Figure 66. An expedition by scientists from IG-EPN to one of the remote monitoring stations at Sangay during 26 January-1 February 2020 was successful in restoring communication to Quito. The remote location and constant volcanic activity makes access and maintenance a challenge. Courtesy of IG-EPN (Martes, 18 Febrero 2020 12:21, EXPEDICIÓN AL VOLCÁN SANGAY).

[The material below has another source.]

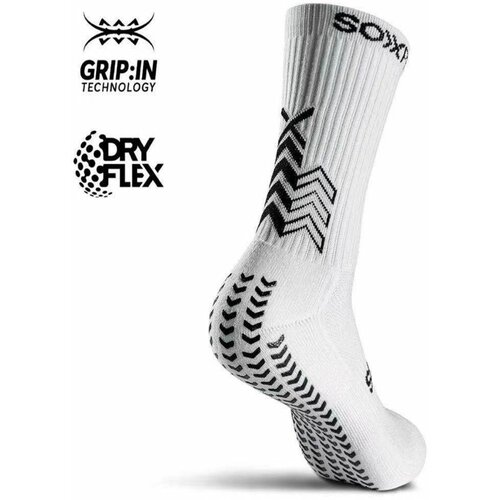 Носки , размер 39-45, белый противоскользящие футбольные носки противоскользящие спортивные носки для футбола баскетбола хоккея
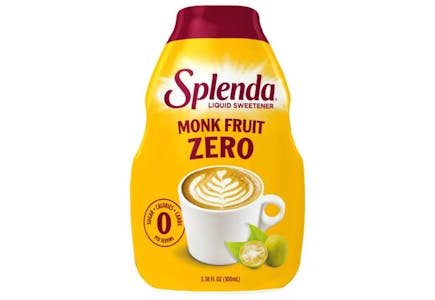 2 Splenda Monk Fruit Sweeteners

During February 2020, multiple daily VAAC reports of ash emissions continued (figure 67). Plumes generally rose 500-1,100 m above the summit and drifted W, although on 26 February emissions were reported to 1,770 m. Ashfall was reported in Macas (40 km SE) on 1 February, and in the communities of Pistishi (65 km SW), Chunchi (70 km SW), Pumallacta (60 k. SW), Alausí (60 km SW), Guamote (40 km WNW) and adjacent areas of the Chimborazo province on 5 February. The Ecuadorian Red Cross reported ash from Sangay in the provinces of Cañar and Azuay (60-100 km SW) on 25 February. Cebadas and Guamote reported moderate ashfall the following day. The communities of Cacha (50 km NW) and Punín (45 km NW) reported trace amounts of ashfall on 29 February. Incandescent blocks were seen on the SE flank multiples times throughout the month. A pyroclastic flow was recorded on the SE flank early on 6 February; additional pyroclastic flows were observed later that day on the SW flank. On 23 February a seismic station on the flank recorded a high-frequency signal typical of lahars.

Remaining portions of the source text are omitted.